Work item: What is needed is a word-for-word copy of the lines below from the one with "Plugable 13-in-1 USB C Docking Station" through the one with "Zestawy uszczelek hydraulicznych cylindrów", both included, with every picture left out.

Listed entries:
────────────────
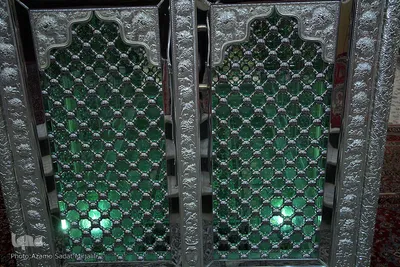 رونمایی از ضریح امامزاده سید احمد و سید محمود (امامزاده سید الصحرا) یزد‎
────────────────
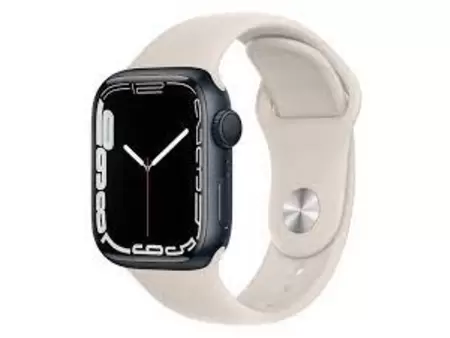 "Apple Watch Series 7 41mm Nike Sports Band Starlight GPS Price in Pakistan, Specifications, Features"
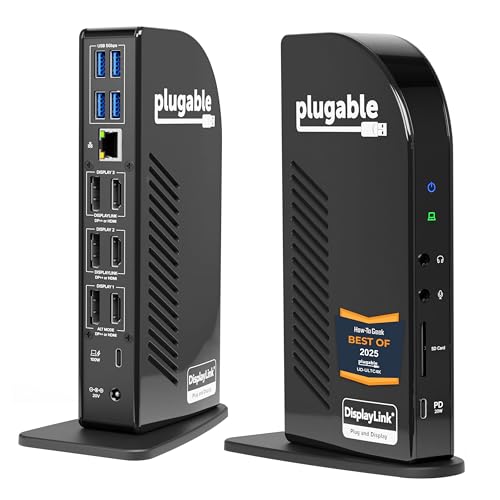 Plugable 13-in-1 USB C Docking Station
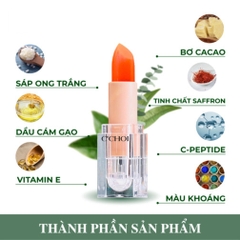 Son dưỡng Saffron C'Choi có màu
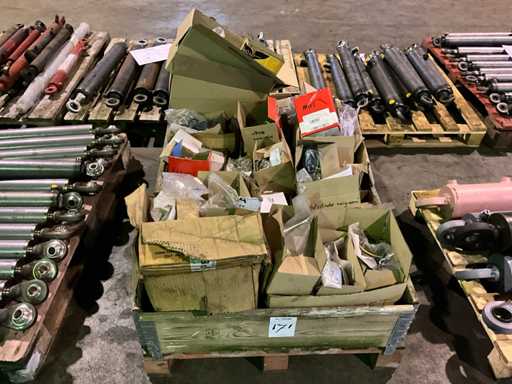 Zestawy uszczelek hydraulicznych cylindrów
────────────────
Response for this exercise:
 Plugable 13-in-1 USB C Docking Station
 Son dưỡng Saffron C'Choi có màu
 Zestawy uszczelek hydraulicznych cylindrów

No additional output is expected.